#### [Problem to work on]
Return all the lines below, exactly as they read.

[Web page caption snippets]
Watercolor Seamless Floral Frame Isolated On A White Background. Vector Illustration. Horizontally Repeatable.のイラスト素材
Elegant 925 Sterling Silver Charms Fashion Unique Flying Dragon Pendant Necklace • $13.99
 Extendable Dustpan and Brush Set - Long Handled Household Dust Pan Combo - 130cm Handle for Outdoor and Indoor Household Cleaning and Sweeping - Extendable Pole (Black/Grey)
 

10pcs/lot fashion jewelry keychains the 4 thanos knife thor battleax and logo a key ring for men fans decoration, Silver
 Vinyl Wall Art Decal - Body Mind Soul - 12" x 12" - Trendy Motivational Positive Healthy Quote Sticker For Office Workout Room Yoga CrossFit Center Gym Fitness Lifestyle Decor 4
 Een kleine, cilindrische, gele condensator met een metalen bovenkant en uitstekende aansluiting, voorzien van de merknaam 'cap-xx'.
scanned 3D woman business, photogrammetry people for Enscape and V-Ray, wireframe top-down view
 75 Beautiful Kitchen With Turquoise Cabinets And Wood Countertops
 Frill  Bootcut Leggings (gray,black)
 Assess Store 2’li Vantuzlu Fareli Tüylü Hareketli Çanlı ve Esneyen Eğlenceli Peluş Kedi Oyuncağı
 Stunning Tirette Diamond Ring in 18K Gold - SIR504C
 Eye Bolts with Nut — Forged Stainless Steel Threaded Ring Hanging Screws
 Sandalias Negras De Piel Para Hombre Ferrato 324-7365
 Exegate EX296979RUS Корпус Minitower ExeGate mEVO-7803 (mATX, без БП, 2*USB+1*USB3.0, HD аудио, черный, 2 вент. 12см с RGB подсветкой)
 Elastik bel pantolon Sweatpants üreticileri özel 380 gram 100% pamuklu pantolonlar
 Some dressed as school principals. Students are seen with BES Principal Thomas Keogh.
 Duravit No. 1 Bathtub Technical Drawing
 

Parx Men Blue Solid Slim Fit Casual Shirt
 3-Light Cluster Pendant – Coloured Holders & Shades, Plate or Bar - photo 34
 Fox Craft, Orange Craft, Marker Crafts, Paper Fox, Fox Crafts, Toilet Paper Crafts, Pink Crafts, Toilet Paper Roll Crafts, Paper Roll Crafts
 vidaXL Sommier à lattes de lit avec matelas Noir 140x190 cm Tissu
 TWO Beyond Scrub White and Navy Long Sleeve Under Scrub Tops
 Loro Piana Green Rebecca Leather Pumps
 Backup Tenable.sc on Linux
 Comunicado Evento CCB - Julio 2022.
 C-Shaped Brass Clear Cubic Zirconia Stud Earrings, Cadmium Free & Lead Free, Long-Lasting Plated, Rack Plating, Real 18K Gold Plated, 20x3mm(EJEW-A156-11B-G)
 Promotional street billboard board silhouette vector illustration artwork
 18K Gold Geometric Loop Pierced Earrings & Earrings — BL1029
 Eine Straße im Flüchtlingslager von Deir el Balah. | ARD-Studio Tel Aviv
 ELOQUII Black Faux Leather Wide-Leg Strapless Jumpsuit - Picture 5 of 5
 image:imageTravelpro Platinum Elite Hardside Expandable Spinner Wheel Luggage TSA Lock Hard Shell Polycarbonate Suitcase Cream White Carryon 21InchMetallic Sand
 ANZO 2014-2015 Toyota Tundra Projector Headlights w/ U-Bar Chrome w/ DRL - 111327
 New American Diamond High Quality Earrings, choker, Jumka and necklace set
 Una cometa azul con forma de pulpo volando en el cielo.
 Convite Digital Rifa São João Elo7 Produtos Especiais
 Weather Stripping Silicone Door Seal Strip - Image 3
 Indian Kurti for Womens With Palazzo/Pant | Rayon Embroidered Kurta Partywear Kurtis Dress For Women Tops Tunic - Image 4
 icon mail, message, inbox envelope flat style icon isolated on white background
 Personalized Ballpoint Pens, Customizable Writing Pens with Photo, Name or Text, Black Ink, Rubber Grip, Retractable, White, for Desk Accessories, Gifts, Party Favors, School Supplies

#### [Written answer]
Watercolor Seamless Floral Frame Isolated On A White Background. Vector Illustration. Horizontally Repeatable.のイラスト素材
Elegant 925 Sterling Silver Charms Fashion Unique Flying Dragon Pendant Necklace • $13.99
 Extendable Dustpan and Brush Set - Long Handled Household Dust Pan Combo - 130cm Handle for Outdoor and Indoor Household Cleaning and Sweeping - Extendable Pole (Black/Grey)
 

10pcs/lot fashion jewelry keychains the 4 thanos knife thor battleax and logo a key ring for men fans decoration, Silver
 Vinyl Wall Art Decal - Body Mind Soul - 12" x 12" - Trendy Motivational Positive Healthy Quote Sticker For Office Workout Room Yoga CrossFit Center Gym Fitness Lifestyle Decor 4
 Een kleine, cilindrische, gele condensator met een metalen bovenkant en uitstekende aansluiting, voorzien van de merknaam 'cap-xx'.
scanned 3D woman business, photogrammetry people for Enscape and V-Ray, wireframe top-down view
 75 Beautiful Kitchen With Turquoise Cabinets And Wood Countertops
 Frill  Bootcut Leggings (gray,black)
 Assess Store 2’li Vantuzlu Fareli Tüylü Hareketli Çanlı ve Esneyen Eğlenceli Peluş Kedi Oyuncağı
 Stunning Tirette Diamond Ring in 18K Gold - SIR504C
 Eye Bolts with Nut — Forged Stainless Steel Threaded Ring Hanging Screws
 Sandalias Negras De Piel Para Hombre Ferrato 324-7365
 Exegate EX296979RUS Корпус Minitower ExeGate mEVO-7803 (mATX, без БП, 2*USB+1*USB3.0, HD аудио, черный, 2 вент. 12см с RGB подсветкой)
 Elastik bel pantolon Sweatpants üreticileri özel 380 gram 100% pamuklu pantolonlar
 Some dressed as school principals. Students are seen with BES Principal Thomas Keogh.
 Duravit No. 1 Bathtub Technical Drawing
 

Parx Men Blue Solid Slim Fit Casual Shirt
 3-Light Cluster Pendant – Coloured Holders & Shades, Plate or Bar - photo 34
 Fox Craft, Orange Craft, Marker Crafts, Paper Fox, Fox Crafts, Toilet Paper Crafts, Pink Crafts, Toilet Paper Roll Crafts, Paper Roll Crafts
 vidaXL Sommier à lattes de lit avec matelas Noir 140x190 cm Tissu
 TWO Beyond Scrub White and Navy Long Sleeve Under Scrub Tops
 Loro Piana Green Rebecca Leather Pumps
 Backup Tenable.sc on Linux
 Comunicado Evento CCB - Julio 2022.
 C-Shaped Brass Clear Cubic Zirconia Stud Earrings, Cadmium Free & Lead Free, Long-Lasting Plated, Rack Plating, Real 18K Gold Plated, 20x3mm(EJEW-A156-11B-G)
 Promotional street billboard board silhouette vector illustration artwork
 18K Gold Geometric Loop Pierced Earrings & Earrings — BL1029
 Eine Straße im Flüchtlingslager von Deir el Balah. | ARD-Studio Tel Aviv
 ELOQUII Black Faux Leather Wide-Leg Strapless Jumpsuit - Picture 5 of 5
 image:imageTravelpro Platinum Elite Hardside Expandable Spinner Wheel Luggage TSA Lock Hard Shell Polycarbonate Suitcase Cream White Carryon 21InchMetallic Sand
 ANZO 2014-2015 Toyota Tundra Projector Headlights w/ U-Bar Chrome w/ DRL - 111327
 New American Diamond High Quality Earrings, choker, Jumka and necklace set
 Una cometa azul con forma de pulpo volando en el cielo.
 Convite Digital Rifa São João Elo7 Produtos Especiais
 Weather Stripping Silicone Door Seal Strip - Image 3
 Indian Kurti for Womens With Palazzo/Pant | Rayon Embroidered Kurta Partywear Kurtis Dress For Women Tops Tunic - Image 4
 icon mail, message, inbox envelope flat style icon isolated on white background
 Personalized Ballpoint Pens, Customizable Writing Pens with Photo, Name or Text, Black Ink, Rubber Grip, Retractable, White, for Desk Accessories, Gifts, Party Favors, School Supplies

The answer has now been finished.